Your task. In the lines below, output everything from the first line through the line containing "Nissan Sunny" exactly as it is. Pictures are not part of the output.

***

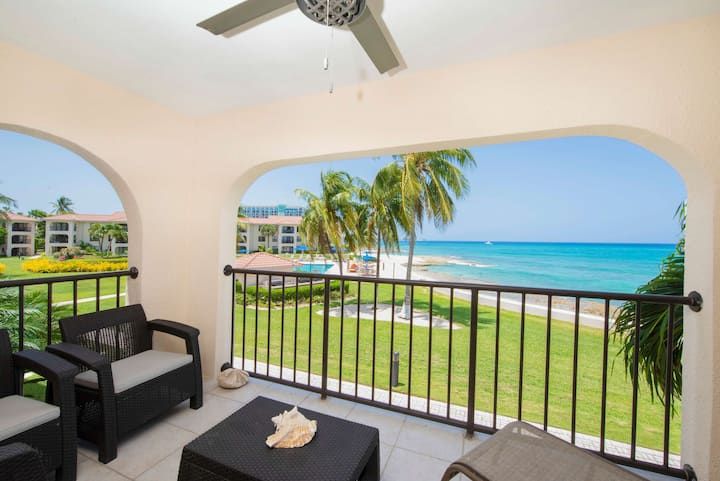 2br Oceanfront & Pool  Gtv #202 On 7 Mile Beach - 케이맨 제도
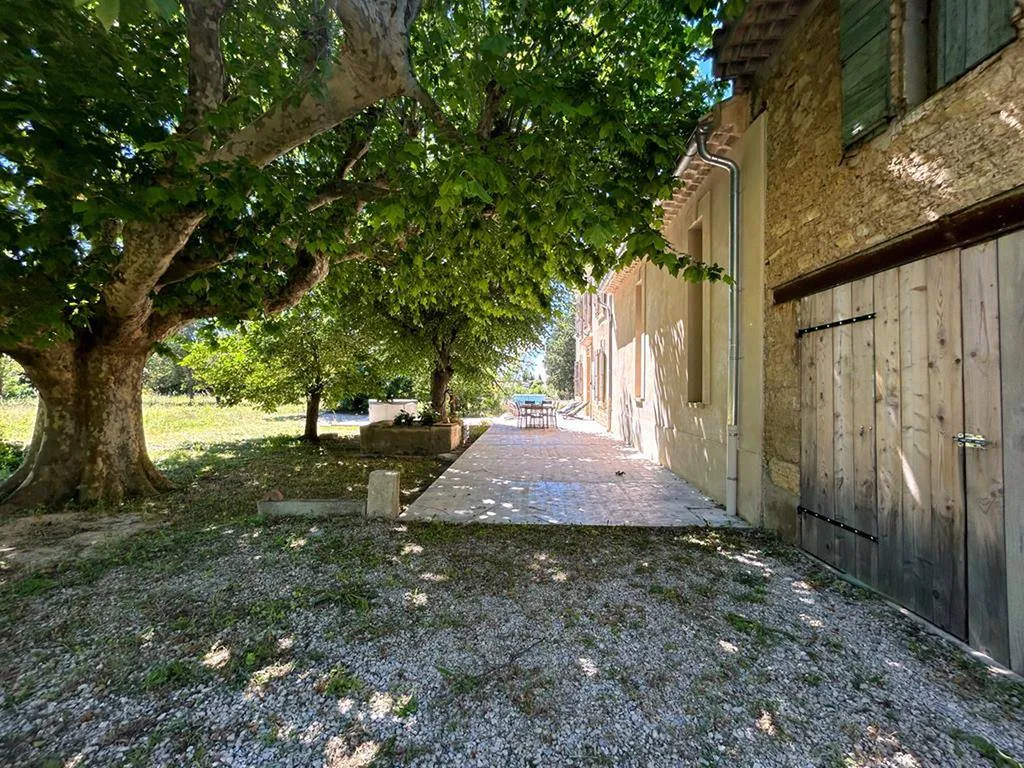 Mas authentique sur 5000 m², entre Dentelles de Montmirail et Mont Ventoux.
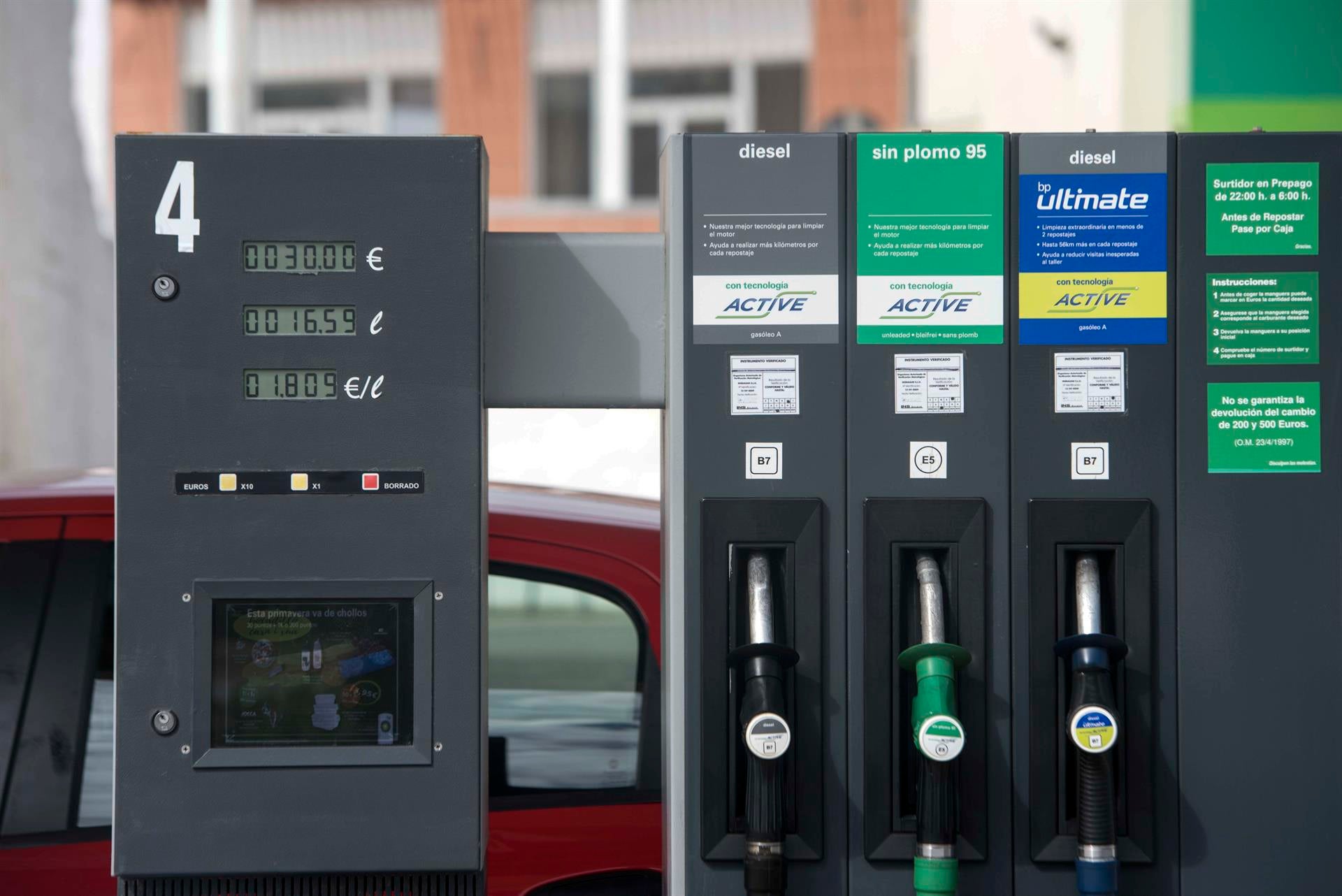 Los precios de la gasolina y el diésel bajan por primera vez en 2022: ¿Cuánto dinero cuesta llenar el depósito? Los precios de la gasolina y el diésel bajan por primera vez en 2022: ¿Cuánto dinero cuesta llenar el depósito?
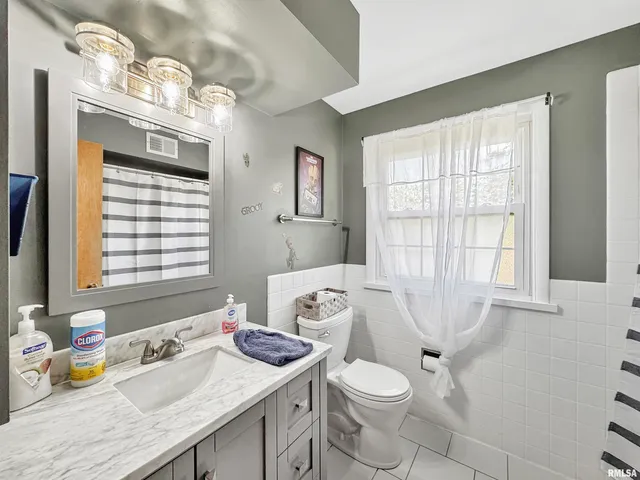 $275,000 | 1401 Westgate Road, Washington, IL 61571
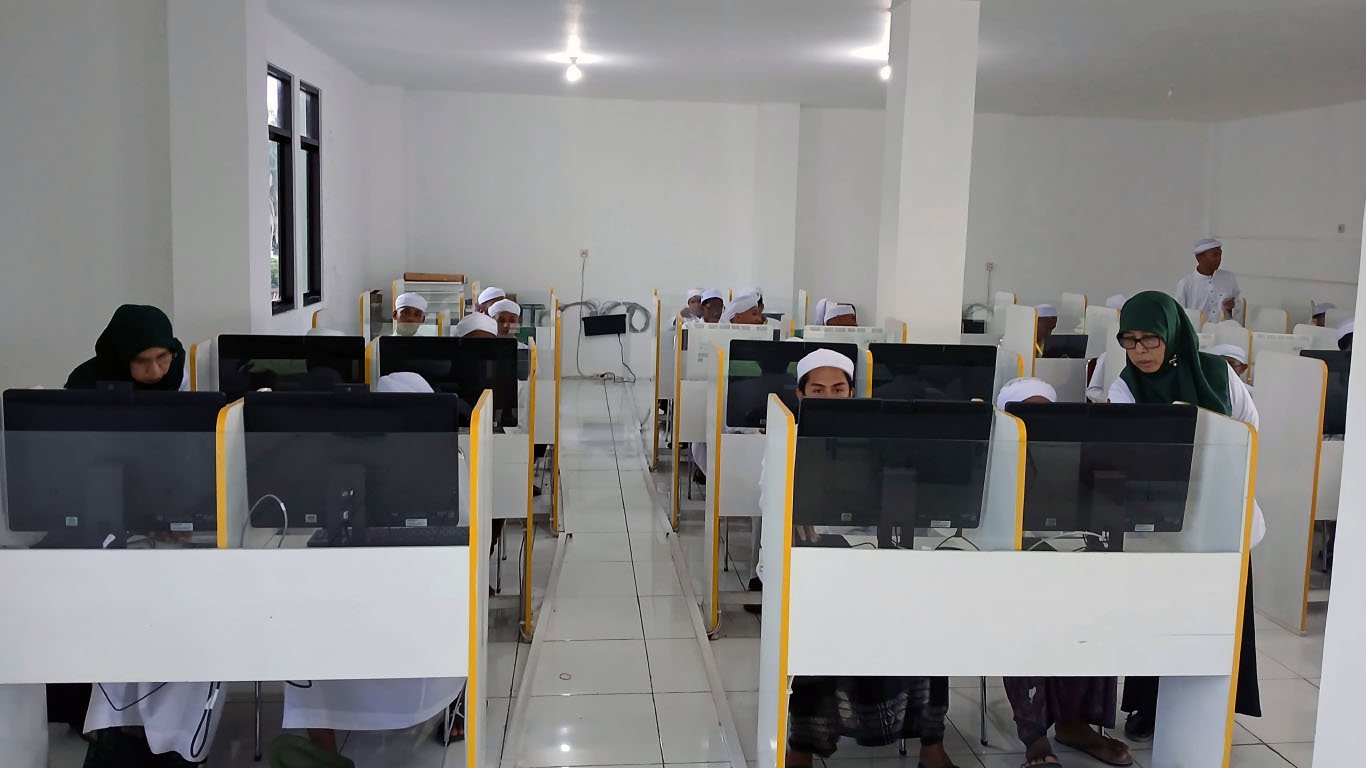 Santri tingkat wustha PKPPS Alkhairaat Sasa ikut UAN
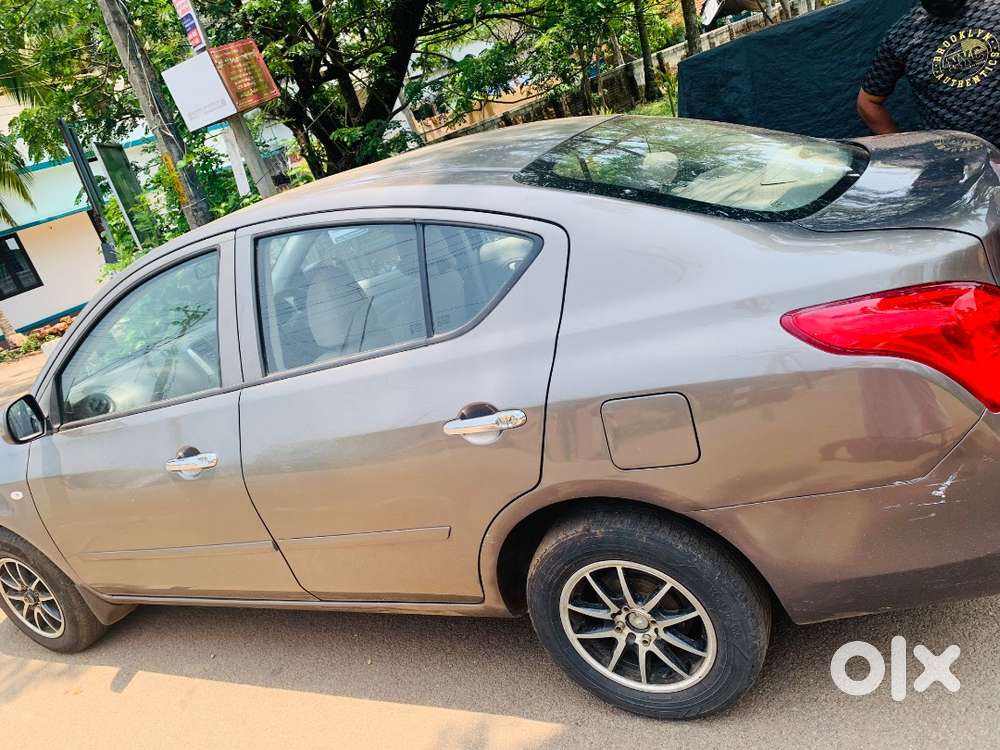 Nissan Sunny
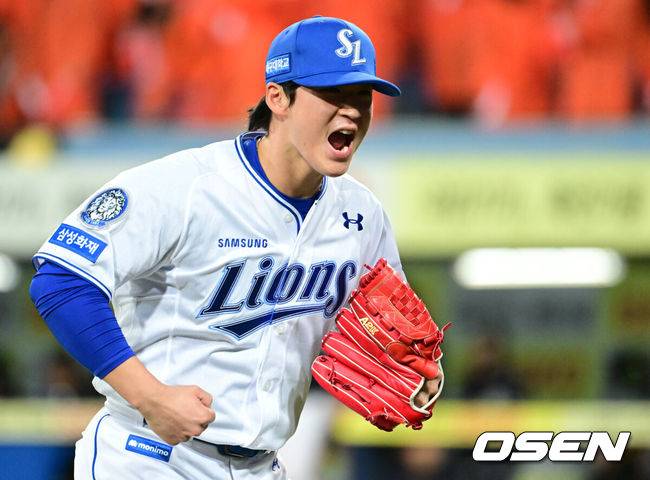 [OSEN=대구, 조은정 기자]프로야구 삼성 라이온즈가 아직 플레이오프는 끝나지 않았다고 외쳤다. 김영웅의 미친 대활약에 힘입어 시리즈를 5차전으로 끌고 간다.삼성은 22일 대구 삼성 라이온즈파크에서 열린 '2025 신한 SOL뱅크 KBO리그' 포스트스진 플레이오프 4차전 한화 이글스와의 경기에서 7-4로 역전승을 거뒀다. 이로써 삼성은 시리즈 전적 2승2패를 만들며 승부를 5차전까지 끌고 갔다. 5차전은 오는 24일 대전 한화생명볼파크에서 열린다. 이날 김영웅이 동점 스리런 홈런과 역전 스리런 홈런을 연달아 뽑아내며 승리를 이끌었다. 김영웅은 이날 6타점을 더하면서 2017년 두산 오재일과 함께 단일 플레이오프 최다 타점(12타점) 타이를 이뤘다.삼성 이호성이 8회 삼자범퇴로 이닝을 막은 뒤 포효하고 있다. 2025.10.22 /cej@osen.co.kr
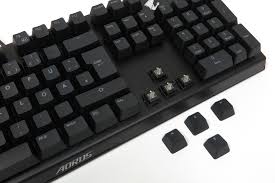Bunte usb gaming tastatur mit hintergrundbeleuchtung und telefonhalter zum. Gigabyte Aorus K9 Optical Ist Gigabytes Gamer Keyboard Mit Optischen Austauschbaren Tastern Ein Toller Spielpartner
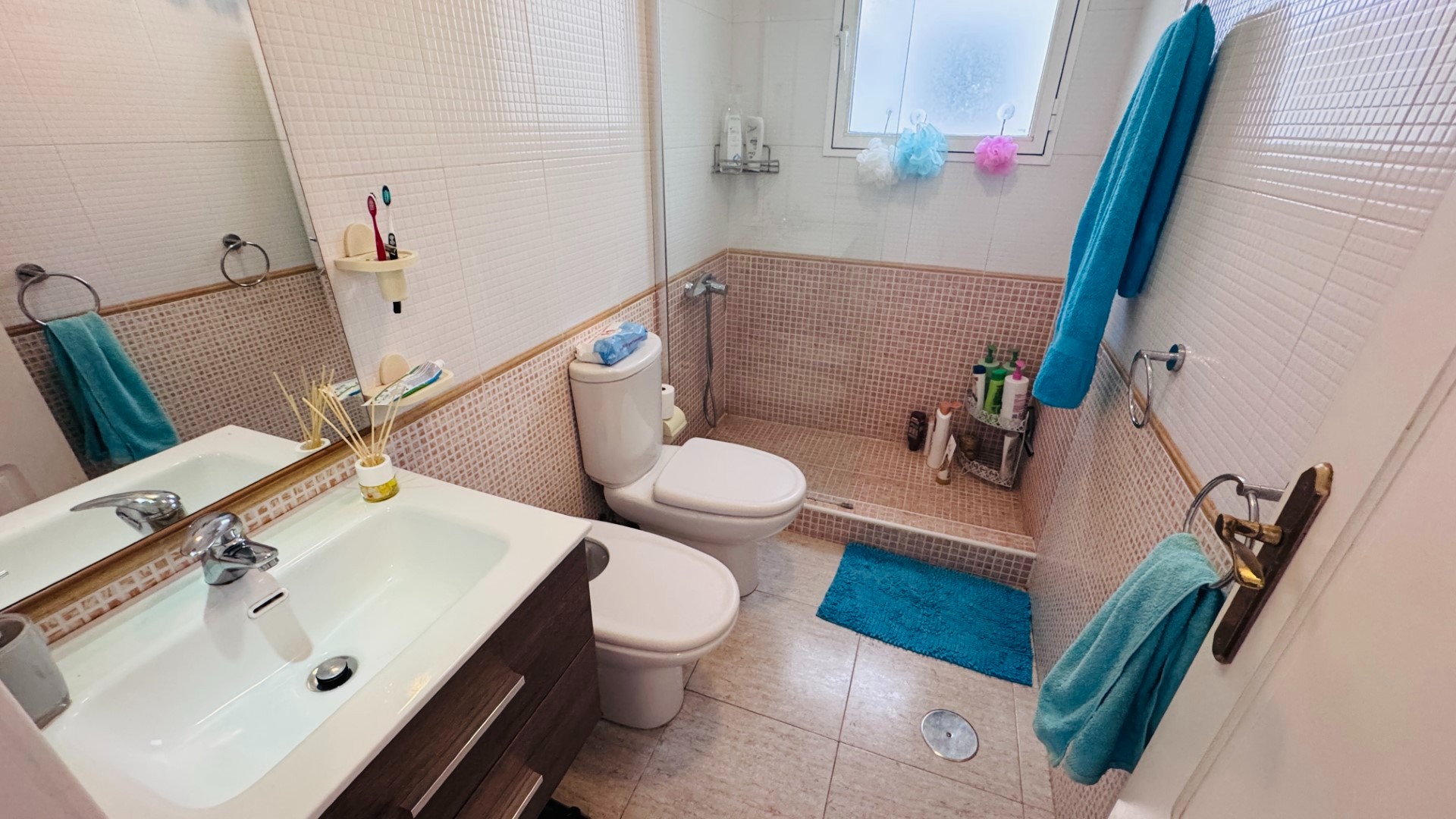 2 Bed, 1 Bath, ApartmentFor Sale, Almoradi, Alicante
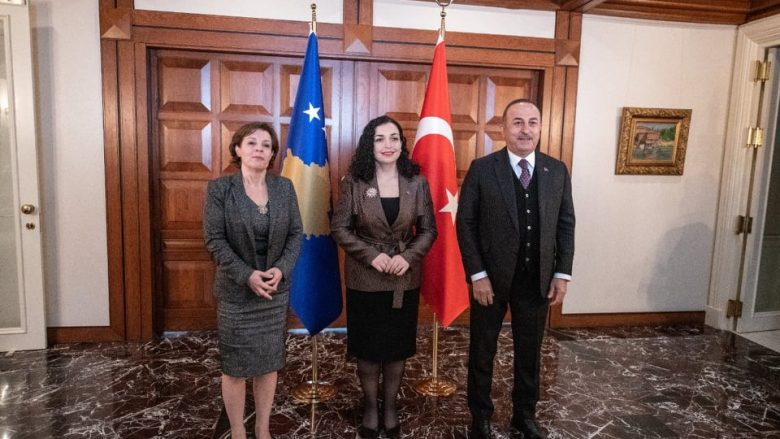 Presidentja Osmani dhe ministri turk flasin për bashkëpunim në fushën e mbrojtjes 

***

Response below.
 2br Oceanfront & Pool  Gtv #202 On 7 Mile Beach - 케이맨 제도
 Mas authentique sur 5000 m², entre Dentelles de Montmirail et Mont Ventoux.
 Los precios de la gasolina y el diésel bajan por primera vez en 2022: ¿Cuánto dinero cuesta llenar el depósito? Los precios de la gasolina y el diésel bajan por primera vez en 2022: ¿Cuánto dinero cuesta llenar el depósito?
 $275,000 | 1401 Westgate Road, Washington, IL 61571
 Santri tingkat wustha PKPPS Alkhairaat Sasa ikut UAN
 Nissan Sunny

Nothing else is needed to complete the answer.